As the third decade of the third millennium begins, anyone with a head over his shoulders wonders at the strange happenings in democracies and pauses for a moment to ask, ‘Wither Democracy?’

The United Nations Organisation established the definition of a new economic paradigm in April 2012, when Ban Ki-moon was the Secretary-General, in a meeting chaired by him. In that meeting, Jigmi Thinley, Prime Minister of Bhutan, designed a Wellbeing and Happiness Index for all member nations. Bhutan became important because the country adopted Gross National Happiness instead of Gross National Product as their major development indicator. The new paradigm was based on the Cantril Ladder Survey on a scale of 1 to 10 with data from the Gallop World Poll in which fourteen core areas had questions to be answered by people from each country. From 2016, the World Happiness Report used to be published on 20th March each year which is also the UN’s International Day of Happiness. In 2020, Finland topped the list with Afghanistan as the last, with Zimbabwe and South Sudan just above Afghanistan. Finland, a country of lakes and forests and landscapes has been listed first in the World Happiness Report from 2018 – 2020, three years in succession. Its capital Helsinki is ranked the happiest city in the world.

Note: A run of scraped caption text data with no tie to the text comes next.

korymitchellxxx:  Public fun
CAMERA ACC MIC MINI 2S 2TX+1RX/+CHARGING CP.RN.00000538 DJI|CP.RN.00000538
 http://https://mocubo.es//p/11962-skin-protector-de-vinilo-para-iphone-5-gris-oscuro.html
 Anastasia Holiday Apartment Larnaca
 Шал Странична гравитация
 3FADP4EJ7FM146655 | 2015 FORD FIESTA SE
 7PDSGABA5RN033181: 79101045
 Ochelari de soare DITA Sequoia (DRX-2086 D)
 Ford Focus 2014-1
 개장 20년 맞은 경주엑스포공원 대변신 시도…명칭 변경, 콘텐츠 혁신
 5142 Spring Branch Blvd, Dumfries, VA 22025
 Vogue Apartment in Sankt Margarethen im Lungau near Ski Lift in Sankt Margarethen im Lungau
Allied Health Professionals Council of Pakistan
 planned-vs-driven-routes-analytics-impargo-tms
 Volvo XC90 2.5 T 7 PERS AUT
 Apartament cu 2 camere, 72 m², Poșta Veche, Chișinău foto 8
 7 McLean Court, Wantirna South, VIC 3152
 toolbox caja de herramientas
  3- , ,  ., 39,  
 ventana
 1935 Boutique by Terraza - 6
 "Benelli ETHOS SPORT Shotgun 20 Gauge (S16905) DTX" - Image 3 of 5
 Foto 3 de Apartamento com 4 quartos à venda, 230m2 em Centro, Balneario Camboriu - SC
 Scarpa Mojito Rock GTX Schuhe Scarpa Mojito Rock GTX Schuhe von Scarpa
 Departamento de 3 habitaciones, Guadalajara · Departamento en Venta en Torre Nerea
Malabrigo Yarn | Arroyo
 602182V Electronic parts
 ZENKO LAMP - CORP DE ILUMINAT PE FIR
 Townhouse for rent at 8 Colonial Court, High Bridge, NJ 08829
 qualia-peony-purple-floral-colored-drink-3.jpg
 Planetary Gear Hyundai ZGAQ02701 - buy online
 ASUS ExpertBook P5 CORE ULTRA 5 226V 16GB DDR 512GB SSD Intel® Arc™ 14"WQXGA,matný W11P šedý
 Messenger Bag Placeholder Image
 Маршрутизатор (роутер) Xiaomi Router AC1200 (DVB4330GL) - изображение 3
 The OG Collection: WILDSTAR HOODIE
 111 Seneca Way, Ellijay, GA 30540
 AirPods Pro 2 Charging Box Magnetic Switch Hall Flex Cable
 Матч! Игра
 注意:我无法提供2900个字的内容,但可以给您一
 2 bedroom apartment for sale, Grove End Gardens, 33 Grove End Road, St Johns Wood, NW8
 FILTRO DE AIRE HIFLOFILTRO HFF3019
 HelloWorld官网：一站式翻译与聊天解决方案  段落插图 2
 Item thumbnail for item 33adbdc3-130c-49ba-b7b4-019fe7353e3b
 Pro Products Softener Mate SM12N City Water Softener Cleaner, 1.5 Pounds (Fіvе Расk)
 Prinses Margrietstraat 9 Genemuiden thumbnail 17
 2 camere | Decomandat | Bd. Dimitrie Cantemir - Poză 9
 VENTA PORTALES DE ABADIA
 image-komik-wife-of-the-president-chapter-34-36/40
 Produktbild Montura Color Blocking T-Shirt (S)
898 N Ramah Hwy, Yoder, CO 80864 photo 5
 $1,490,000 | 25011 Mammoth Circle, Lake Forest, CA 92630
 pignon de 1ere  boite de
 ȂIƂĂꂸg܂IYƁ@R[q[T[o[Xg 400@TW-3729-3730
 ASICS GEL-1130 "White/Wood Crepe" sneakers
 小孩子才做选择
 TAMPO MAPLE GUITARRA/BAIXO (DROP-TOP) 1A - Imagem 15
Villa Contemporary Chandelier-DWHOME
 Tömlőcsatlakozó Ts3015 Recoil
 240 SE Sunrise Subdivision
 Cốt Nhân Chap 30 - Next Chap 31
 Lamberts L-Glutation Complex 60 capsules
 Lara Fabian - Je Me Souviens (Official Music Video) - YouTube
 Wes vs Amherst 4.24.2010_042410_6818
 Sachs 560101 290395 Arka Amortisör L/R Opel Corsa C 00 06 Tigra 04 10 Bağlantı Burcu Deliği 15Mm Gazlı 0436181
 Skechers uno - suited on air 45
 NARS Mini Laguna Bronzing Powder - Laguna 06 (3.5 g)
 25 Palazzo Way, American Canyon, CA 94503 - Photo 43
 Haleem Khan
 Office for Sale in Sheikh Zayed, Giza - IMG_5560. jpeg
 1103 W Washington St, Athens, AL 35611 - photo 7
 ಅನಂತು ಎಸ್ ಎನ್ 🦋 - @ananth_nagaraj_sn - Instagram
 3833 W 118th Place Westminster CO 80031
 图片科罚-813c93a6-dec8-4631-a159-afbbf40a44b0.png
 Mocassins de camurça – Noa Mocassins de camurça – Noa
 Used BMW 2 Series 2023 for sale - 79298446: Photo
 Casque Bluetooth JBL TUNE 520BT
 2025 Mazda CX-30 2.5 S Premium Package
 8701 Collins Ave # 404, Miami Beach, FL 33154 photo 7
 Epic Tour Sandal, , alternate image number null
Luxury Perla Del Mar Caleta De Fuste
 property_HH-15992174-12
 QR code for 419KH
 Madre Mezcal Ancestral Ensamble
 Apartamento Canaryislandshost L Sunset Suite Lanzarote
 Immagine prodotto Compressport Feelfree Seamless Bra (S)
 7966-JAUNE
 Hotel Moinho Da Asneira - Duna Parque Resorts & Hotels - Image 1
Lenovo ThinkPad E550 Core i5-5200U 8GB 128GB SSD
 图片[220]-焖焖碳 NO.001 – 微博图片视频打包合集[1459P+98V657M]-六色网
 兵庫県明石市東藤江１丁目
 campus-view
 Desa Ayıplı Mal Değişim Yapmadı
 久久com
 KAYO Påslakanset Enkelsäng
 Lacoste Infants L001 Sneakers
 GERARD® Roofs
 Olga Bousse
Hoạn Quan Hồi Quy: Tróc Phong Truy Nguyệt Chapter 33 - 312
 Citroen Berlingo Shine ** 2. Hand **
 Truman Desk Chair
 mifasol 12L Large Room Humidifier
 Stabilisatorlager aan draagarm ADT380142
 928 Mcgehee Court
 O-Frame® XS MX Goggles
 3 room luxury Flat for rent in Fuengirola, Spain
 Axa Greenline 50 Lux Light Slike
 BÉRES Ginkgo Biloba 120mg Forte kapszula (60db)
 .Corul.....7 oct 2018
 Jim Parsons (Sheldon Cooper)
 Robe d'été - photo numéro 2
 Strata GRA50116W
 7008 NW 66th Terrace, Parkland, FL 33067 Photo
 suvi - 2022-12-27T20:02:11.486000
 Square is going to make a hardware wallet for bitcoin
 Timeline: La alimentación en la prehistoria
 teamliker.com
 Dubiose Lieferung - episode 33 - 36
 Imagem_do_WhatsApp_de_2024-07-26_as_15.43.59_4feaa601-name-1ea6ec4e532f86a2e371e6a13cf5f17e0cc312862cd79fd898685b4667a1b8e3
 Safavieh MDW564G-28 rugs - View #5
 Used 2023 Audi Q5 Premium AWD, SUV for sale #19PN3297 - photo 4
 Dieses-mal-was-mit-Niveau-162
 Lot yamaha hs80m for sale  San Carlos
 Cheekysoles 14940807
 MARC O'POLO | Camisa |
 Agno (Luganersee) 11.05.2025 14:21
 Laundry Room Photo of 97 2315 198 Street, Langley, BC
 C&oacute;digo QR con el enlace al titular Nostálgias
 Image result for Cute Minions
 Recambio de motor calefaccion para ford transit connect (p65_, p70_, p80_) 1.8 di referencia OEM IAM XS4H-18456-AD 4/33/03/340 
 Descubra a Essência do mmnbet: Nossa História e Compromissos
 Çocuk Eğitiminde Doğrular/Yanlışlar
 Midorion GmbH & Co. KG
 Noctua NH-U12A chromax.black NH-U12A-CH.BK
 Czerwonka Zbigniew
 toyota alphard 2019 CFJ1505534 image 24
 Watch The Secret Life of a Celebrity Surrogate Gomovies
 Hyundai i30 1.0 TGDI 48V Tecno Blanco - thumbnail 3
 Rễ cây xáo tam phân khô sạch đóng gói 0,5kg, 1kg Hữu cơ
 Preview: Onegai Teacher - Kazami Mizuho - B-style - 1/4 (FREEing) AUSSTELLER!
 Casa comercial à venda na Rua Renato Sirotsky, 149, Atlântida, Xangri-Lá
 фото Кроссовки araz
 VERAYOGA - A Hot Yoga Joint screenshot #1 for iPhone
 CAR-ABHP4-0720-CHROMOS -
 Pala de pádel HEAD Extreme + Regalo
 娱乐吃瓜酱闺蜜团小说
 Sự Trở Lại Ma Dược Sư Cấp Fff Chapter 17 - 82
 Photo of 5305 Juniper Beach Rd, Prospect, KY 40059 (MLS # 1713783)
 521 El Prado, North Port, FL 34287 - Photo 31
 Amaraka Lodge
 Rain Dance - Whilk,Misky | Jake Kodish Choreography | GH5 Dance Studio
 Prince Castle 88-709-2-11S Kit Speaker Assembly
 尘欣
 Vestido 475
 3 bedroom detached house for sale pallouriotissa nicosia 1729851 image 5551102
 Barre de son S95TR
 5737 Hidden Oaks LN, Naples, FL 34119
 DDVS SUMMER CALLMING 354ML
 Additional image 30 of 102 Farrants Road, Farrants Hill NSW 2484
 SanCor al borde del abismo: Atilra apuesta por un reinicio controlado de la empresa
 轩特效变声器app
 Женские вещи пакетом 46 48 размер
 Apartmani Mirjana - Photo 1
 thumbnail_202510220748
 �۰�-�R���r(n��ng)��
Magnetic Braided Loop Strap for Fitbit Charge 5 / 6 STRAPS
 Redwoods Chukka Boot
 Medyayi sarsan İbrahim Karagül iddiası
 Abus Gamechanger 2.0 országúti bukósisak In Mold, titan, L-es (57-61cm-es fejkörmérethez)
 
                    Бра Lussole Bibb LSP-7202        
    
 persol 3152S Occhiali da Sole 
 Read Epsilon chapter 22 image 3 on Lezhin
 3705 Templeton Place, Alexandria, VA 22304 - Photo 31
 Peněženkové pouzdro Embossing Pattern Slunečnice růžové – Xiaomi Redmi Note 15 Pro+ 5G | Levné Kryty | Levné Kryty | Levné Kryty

In a seminar on ‘People, Planet and Profit’ organised by Indian Chamber of Commerce in 2018, the late Pranab Mukherjee, the former President of India said that as a country, India needs to put equal focus on social, environmental and financial development. He called it Triple Bottom Line Accounting Framework.  At that time, India was the sixth largest economy in the world. However, India was rated 140th in the World Happiness Report under United Nations Sustainable Development Network in which 156 countries were ranked. The former President stressed on the importance of Triple Bottom Line Accounting Process and the need for making India a happy country.

It may be interesting to note that in the World Happiness rating, Pakistan had 5.693 points whereas India had only 3.573 points. India slipped four positions down in March 2020 and become 144th in the list.

Happy Planet Index was established by New Economic Foundation in 2006. What the foundation does is a study leading to an index of human wellbeing and environmental impact based on subjective life satisfaction, life expectancy at birth and ecological footprints per capita. Costa Rica topped the Planet Index rankings. In 2016, out of 140 countries, Costa Rica topped the list for the third time in succession with Chad, Luxemburg and Togo at the bottom. India is the fiftieth in the World’s Planet Index with a score of 29.2 as per the survey. Pakistan has 31.5 scores and ranks 36th of all the countries analysed, fourteen positions above India, whereas, Sri Lanka has 28th position with a score of 33.8 among all countries which are analysed. Bangladesh ranked 8th as per the New Economic Foundations Happy Planet Index with 38.4 points, whereas Costa Rica on top had 44.7 points.

Netherlands has a ranking of 18 in the Happy Planet Index. Researchers say that it does better than Europe as a whole. The social and institutional trust and social connections are very practical as per the report of 20 March 2020. Netherlands is also ranked as the world’s sixth happiest country in the World’s Happiness Report of 2020 by the United Nations Organisations. It is considered one of the jolliest countries in the world. The Gallup World Poll reports that it was slightly less contented than it was in 2012. However, it has to be noticed that it is only the people of Finland, Denmark, Switzerland, Iceland and Norway who were happier than those in Netherlands.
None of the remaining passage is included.